Ce qui n’a guère changé depuis 133 ans, c’est la volonté de la municipalité de choyer ses beaux quartiers et le centre-ville devenu une vitrine LH ou plutôt Unesco. La Stalinegrad-sur-mer des années 1970 est devenue patrimoine Unesco, ça sonne mieux. Comme quoi la rhétorique et la communication changent bien des choses chez les Tartuffe de la politique. Les chaussées et les trottoirs sont propres dans cette zone. Par contre, du Rond-Point à Soquence, la propreté des « crottoirs »  laisse à désirer. Le quartier du Rond-Point est même devenu un quartier de reconquête républicaine…Mais la municipalité doudou pomponne toujours ses boulevards-promenades. Et les conseillers municipaux d’opposition font de la figuration même si des coups de gueule viennent ponctués la vie politique locale. Mais dans les faits, rien ne change pour les travailleurs, dans leur vie quotidienne.

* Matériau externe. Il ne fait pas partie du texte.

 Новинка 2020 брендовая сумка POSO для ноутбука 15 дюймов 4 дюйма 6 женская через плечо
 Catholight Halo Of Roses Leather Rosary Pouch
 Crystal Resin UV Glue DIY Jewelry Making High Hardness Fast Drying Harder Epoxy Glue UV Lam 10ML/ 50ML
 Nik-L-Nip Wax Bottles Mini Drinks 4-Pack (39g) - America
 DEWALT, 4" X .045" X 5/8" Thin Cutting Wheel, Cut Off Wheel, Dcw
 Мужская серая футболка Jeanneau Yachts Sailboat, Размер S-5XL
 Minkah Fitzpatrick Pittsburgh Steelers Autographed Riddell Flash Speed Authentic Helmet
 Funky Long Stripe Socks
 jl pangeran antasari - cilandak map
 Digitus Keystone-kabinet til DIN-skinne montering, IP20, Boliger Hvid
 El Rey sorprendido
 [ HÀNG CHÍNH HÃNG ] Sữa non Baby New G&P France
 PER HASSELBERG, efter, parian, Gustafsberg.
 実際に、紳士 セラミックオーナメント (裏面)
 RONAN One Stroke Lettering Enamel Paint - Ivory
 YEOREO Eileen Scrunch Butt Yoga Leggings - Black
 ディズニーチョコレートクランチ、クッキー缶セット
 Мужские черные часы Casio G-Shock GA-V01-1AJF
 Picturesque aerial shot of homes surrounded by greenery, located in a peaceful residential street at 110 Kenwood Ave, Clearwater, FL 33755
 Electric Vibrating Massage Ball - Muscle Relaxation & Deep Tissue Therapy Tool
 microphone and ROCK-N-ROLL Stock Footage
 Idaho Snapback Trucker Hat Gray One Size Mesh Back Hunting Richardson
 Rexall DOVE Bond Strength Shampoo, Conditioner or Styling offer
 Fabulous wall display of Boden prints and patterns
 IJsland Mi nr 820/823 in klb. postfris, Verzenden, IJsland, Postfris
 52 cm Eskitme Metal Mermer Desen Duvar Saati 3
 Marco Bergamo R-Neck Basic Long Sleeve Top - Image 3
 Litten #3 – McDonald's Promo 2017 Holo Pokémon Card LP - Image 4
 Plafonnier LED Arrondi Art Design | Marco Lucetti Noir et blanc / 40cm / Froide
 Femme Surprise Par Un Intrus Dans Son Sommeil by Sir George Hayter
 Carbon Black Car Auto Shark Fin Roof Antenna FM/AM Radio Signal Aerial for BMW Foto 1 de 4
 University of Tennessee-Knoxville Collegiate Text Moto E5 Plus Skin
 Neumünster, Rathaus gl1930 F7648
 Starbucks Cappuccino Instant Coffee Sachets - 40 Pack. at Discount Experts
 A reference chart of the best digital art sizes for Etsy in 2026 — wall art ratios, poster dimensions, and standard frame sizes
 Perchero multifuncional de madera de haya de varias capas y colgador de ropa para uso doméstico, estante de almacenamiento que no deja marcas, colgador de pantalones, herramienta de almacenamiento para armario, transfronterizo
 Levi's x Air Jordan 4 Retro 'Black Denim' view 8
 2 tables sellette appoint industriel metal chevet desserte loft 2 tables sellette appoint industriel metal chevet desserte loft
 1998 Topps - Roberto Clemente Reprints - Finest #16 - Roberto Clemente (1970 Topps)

Cela était déjà le cas durant les mandats communistes.

Les collèges, fidèles à la carte scolaire, ne mélangent pas les torchons et les serviettes. La mixité sociale se fait rare, en toute égalité républicaine.

Depuis 133 ans, le salariat a évolué. On a vu une population de salariés travaillant aujourd’hui, en nombre, dans « les services publics » et une population ouvrière déclinant au rythme des délocalisations et des licenciements. Mais comme l’a constaté l’anarchiste David Graeber, plus on travaille dans des emplois d’utilité sociale (Santé, éducation…), moins on est considéré notamment sur les  plans moraux et financiers. Donc, si dans la forme de nombreux changements ont eu lieu depuis plus d’un siècle, dans le fond, rien de nouveau sous le soleil de la Porte Océane : les exploiteurs sont toujours aux commandes.

La Révolution sociale et libertaire reste à faire !

Patoche (Groupe libertaire Jules Durand)

PS : Aux élections régionales de 2021, Travailleurs, ne votez pas ! Nous n’avons d’améliorations à espérer que de la disparition des sangsues capitalistes qui nous épuisent et nous exploitent.